*** Opening Supplied data ***

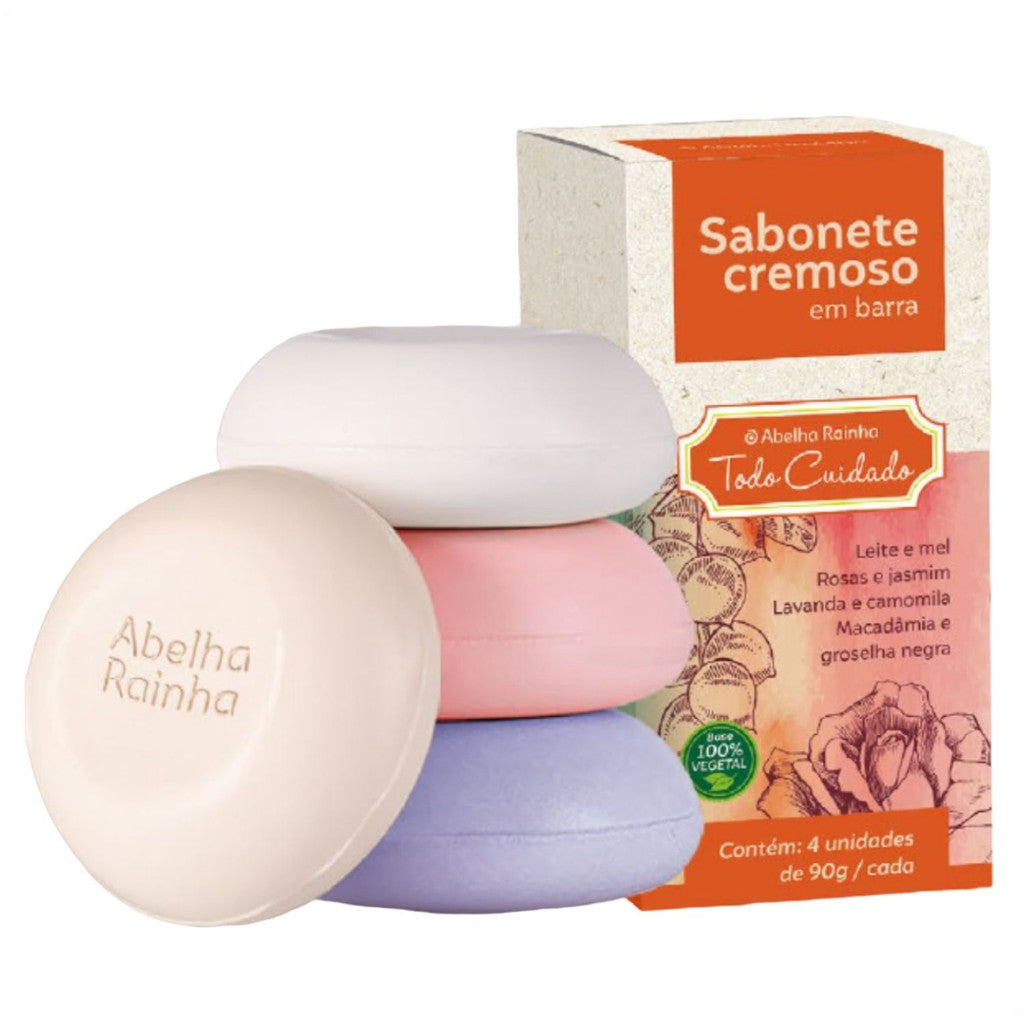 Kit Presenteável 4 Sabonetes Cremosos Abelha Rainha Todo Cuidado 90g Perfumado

*** Closing Supplied data ***
*** Opening Supplied data ***

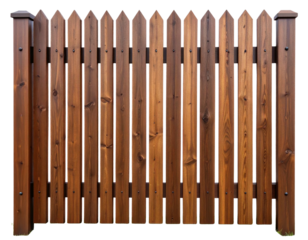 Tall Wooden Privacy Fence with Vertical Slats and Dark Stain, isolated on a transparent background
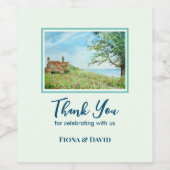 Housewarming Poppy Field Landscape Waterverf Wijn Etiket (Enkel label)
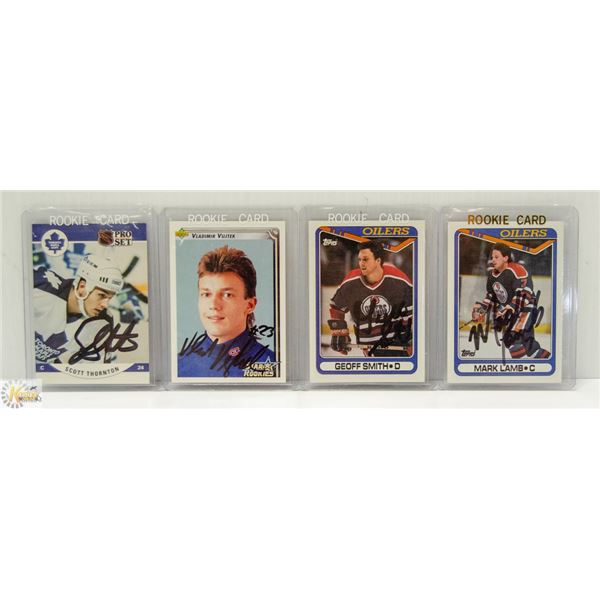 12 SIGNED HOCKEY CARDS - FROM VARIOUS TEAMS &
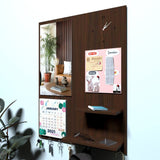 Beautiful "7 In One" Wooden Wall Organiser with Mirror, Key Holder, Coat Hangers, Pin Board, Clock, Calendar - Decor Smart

*** Closing Supplied data ***

Return only the part above that opens with the line containing "Housewarming Poppy Field" and closes with the line containing "- Decor Smart", exactly and with both ends, skipping the pictures.

 Housewarming Poppy Field Landscape Waterverf Wijn Etiket (Enkel label)
 12 SIGNED HOCKEY CARDS - FROM VARIOUS TEAMS &
 Beautiful "7 In One" Wooden Wall Organiser with Mirror, Key Holder, Coat Hangers, Pin Board, Clock, Calendar - Decor Smart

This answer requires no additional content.